Hereinafter, with reference to the drawings, detailed description will be made of an image reading apparatus and a processing device of the disclosure taking a so-called flat bed type image scanner as an example as an image reading apparatus according to an embodiment of the disclosure.

Note that, in the description below, an outline of an overall configuration of the image reading apparatus according to the embodiment of the disclosure will be described below based on, to begin with, FIGS. 1 to 3. Next, a relationship of a configuration of a rotary lever and a peripheral pressing portion that characteristically configure the image reading apparatus and state change of a switch executed via movement of the rotary lever corresponding to each open or closed state of a document cover and the pressing portion will be specifically described based on FIGS. 4 to 11.

Subsequently, an example of determination of presence or absence of the document executed by using the image reading apparatus according to the embodiment of the disclosure and the content of a detection process from detection of the open or closed state of the document cover to the document size detection will be described below in detail based on FIGS. 12 to 20.

Then, lastly, an embodiment in which a characteristic configuration of the image reading apparatus of the disclosure is applied to another apparatus (including the processing device of the disclosure) will be referred to in the description of other embodiments.

(1) Outline of Overall Configuration of Image Reading Apparatus (Refer to FIGS. 1 to 3)

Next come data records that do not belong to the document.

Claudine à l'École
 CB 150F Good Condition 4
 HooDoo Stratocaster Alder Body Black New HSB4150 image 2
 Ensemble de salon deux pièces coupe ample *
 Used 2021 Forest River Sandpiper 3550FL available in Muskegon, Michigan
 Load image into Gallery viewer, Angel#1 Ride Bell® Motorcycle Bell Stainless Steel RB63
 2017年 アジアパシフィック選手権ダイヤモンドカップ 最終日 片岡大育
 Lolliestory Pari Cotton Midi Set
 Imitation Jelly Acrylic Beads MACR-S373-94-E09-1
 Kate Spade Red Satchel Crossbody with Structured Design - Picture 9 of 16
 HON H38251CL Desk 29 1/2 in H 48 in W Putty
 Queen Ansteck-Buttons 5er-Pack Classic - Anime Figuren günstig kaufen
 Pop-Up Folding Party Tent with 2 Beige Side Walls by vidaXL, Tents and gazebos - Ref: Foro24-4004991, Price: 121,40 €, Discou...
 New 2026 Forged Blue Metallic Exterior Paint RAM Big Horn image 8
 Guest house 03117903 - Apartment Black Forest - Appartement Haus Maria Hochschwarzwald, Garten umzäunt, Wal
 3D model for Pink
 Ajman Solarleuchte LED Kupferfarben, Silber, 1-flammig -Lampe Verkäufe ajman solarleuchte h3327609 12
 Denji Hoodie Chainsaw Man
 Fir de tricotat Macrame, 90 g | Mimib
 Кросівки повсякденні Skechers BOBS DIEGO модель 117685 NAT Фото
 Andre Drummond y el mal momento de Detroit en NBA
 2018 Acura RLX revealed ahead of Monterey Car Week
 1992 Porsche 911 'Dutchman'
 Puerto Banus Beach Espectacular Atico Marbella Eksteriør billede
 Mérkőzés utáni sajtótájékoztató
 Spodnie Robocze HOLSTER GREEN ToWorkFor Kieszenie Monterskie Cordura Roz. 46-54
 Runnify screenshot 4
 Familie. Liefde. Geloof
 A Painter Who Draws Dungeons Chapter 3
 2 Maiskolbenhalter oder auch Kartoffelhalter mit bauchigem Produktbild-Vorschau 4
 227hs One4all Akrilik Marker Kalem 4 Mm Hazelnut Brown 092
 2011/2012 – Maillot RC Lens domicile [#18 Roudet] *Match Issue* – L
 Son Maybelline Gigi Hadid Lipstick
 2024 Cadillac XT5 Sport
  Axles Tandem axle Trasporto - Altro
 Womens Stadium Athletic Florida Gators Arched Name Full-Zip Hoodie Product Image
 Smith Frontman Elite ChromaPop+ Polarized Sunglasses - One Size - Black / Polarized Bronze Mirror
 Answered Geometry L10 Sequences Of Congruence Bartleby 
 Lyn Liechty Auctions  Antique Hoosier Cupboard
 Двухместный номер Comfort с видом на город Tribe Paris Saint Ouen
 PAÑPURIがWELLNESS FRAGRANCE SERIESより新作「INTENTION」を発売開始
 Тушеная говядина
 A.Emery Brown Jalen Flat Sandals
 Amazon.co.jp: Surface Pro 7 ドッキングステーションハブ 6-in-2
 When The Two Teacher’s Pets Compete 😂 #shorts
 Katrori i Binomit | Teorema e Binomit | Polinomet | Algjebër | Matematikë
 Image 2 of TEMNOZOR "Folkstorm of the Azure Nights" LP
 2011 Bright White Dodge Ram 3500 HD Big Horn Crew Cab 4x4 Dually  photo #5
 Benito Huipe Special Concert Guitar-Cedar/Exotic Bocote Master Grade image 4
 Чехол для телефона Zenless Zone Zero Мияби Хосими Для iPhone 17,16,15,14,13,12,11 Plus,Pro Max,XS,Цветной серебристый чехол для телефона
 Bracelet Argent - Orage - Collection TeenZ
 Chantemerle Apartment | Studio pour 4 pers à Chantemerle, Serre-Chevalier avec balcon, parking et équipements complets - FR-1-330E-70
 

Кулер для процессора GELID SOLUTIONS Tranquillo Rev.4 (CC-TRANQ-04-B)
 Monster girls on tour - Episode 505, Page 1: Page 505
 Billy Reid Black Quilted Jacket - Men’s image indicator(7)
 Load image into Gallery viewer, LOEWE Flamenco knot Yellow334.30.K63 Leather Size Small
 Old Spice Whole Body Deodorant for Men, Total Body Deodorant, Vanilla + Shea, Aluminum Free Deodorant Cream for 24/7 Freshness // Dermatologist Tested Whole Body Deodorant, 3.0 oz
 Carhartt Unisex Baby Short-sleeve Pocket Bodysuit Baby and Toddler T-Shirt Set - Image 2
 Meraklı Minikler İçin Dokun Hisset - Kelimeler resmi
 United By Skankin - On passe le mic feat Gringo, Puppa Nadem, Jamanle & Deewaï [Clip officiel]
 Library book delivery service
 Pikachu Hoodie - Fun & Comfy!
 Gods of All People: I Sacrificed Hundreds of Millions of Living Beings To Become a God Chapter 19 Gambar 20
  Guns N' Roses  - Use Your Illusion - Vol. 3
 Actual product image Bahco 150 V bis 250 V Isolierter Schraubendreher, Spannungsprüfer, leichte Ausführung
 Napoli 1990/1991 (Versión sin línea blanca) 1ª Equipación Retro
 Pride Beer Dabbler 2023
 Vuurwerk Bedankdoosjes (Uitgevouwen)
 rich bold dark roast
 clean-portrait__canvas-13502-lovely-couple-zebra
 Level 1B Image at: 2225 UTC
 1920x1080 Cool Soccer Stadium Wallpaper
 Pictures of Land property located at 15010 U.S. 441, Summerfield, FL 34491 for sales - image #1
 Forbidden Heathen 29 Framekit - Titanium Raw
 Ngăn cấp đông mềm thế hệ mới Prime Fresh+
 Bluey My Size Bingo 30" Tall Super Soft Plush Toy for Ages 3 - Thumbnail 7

An image reading apparatus 1 according to an embodiment of an disclosure is basically configured provided with a document table 5 that has a mounting surface 3 on which a document P is mounted, a document cover 9 that is displaced to rotate centered on a rotary shaft 7 between a closed state in which the document table 5 is covered and an open state in which the document table 5 is open, as a document cover half-open state detection mechanism, a pressing portion 13 that is disposed on the side of the document table 5 and presses a switch 11 (refer to FIG. 7 and the like) for half-open state detection that is an open or closed state detection sensor by receiving external force F, a rotary lever 15 that is disposed on the side of the document cover 9 and is provided to be pivotable at a position at which it is possible to apply external force F to the pressing portion 13, and a biasing member 19 (refer to FIG. 6 and the like) that applies biasing force in a direction R in which one end 17 (refer to FIG. 4 and the like) side of the rotary lever 15 moves away from the document cover 9.

Then, when the document cover 9 is at a predetermined angle θ (for example, 20° ±5°, preferably 18°) by a process of displacement from the open state to the closed state, one end 17 of the rotary lever 15 applies the external force F (refer to FIG. 8 and the like) to the pressing portion 13 to push down the pressing portion 13 to change the state (for example, ON state and OFF state) of the switch 11. In the process of displacement from the predetermined angle θ to the closed state, one end 17 of the rotary lever 15 rotates in a direction C approaching the document cover 9 against the biasing force and continues pushing down the pressing portion 13 to maintain the state of the switch 11.

In addition, in the embodiment of the illustration, a sensor 21 configured by a mechanical contact sensor as an example for detecting the closed state as an open or closed state detection sensor is provided at a position on a tip end 23 side on the apparatus front surface side in a front/rear direction H on the front surface of the document table 5.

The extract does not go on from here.